*** Data for review ***

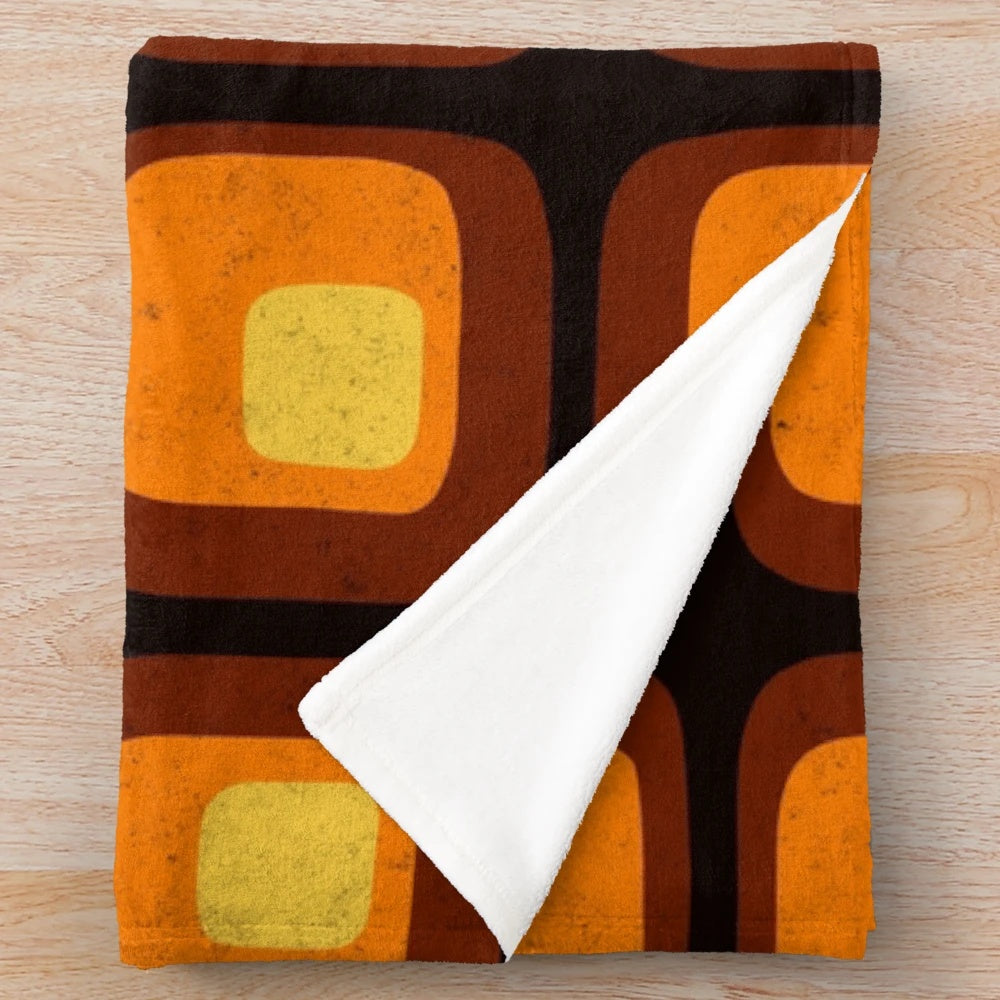 Retro plush blanket with funky mod pattern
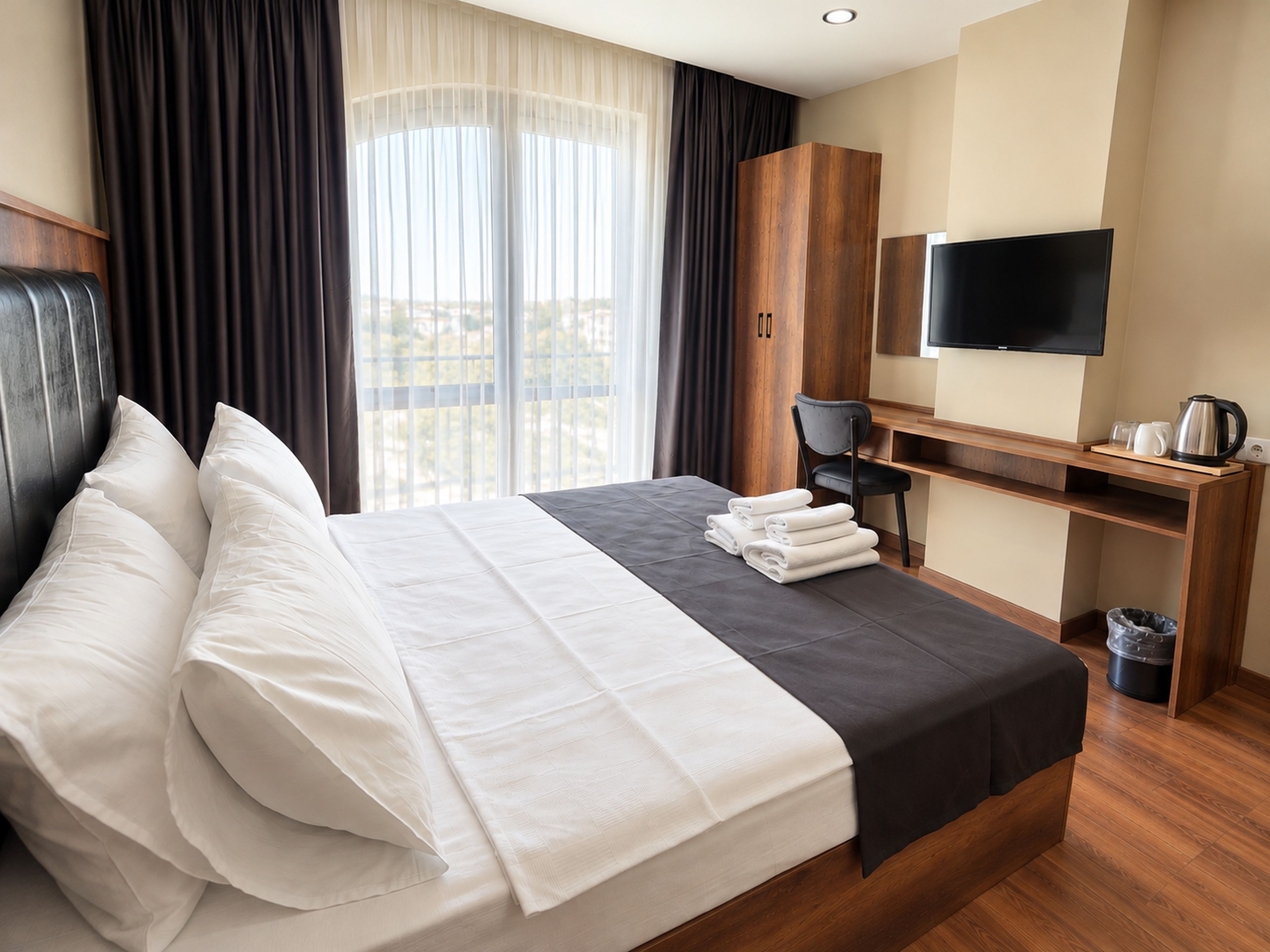 Una habitación de hotel con cama, escritorio, silla, televisión y ventana con cortinas.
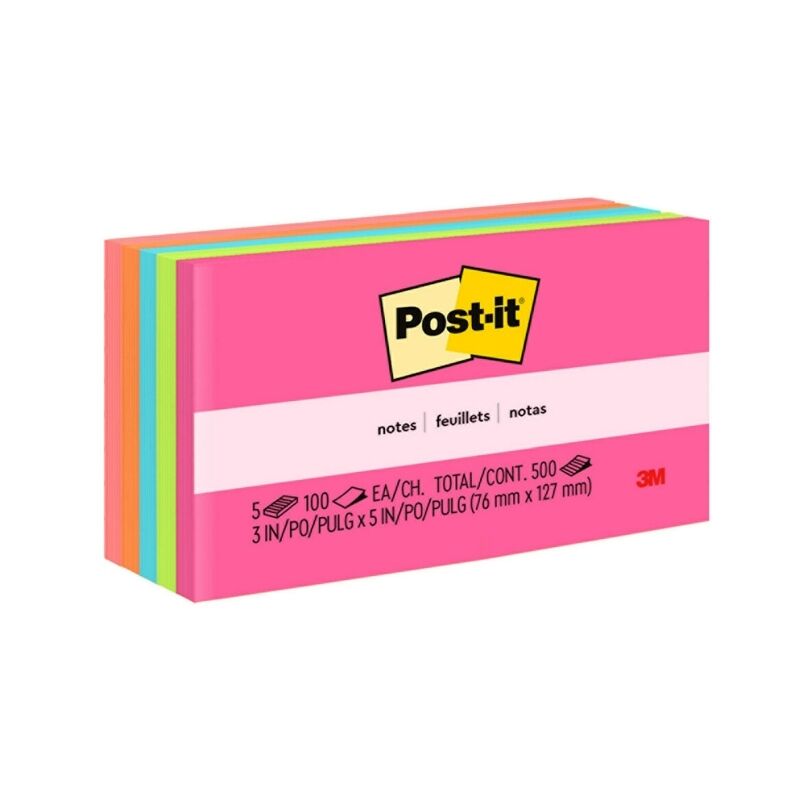 Post-It Notes Assorted Colours 76 x 127mm 5-Pack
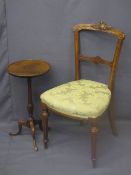 VICTORIAN WALNUT SIDE CHAIR and a reproduction mahogany wine table, various measurements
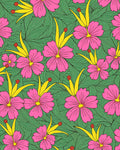 Pink Yellow Floral Patterned Tropical Rug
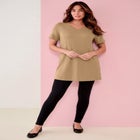 Plus Size Ultimate Cotton V-Neck Short Sleeve Tunic image number null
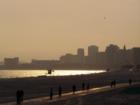 Dusk at the beach in Bluff Park, view of the Long Beach Bike Path on the Beach and of Downtown Long Beach Skyline across the bay.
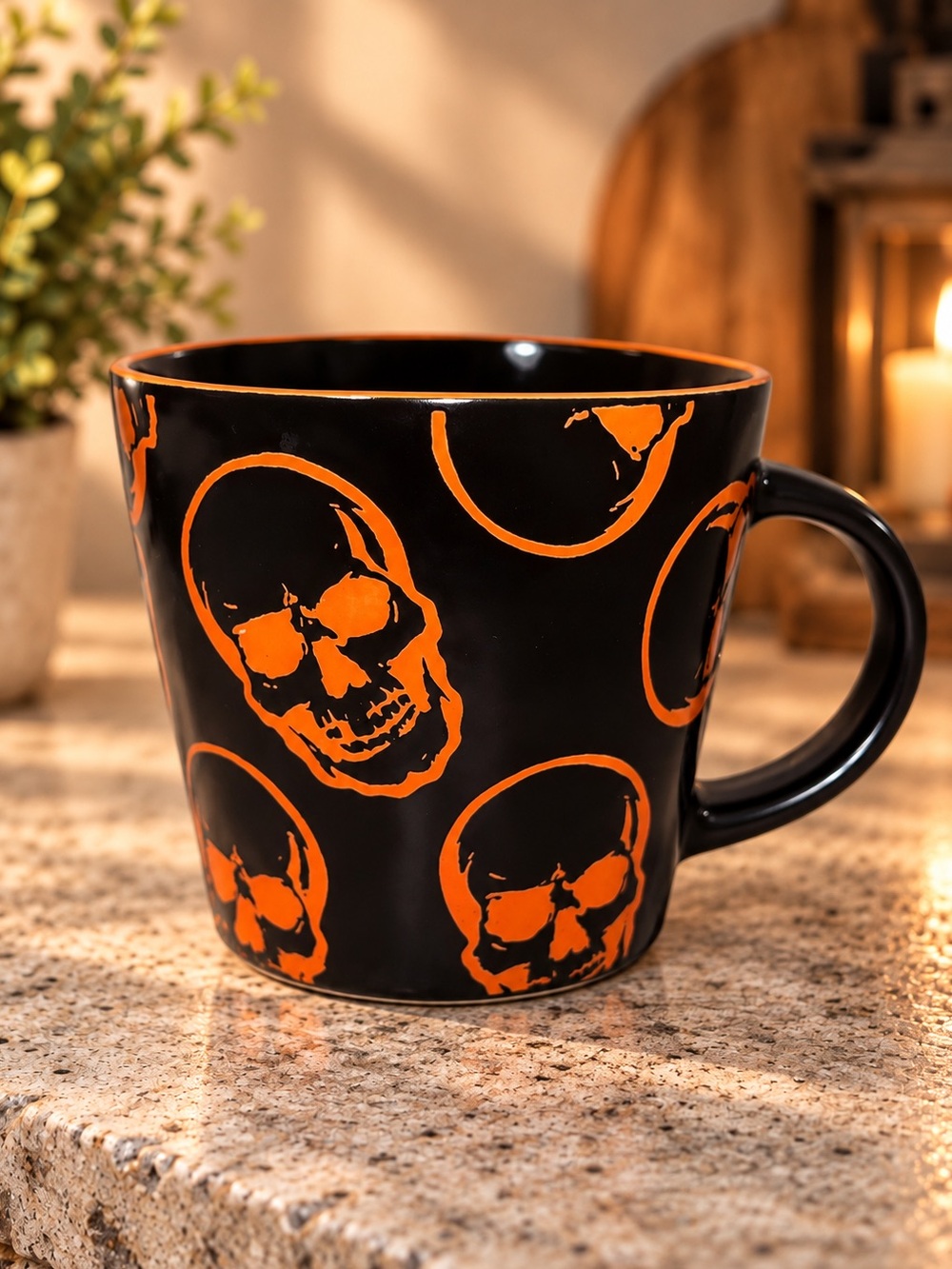 Halloween Skull Coffee Mug Ceramic Black Orange 17 Oz Spooky Gothic Primo Design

*** End of Data for review ***

The required response consists solely of the lines from the line containing "Dusk at the" through the end of the listing, both ends included, copied exactly without pictures.

 Dusk at the beach in Bluff Park, view of the Long Beach Bike Path on the Beach and of Downtown Long Beach Skyline across the bay.
 Halloween Skull Coffee Mug Ceramic Black Orange 17 Oz Spooky Gothic Primo Design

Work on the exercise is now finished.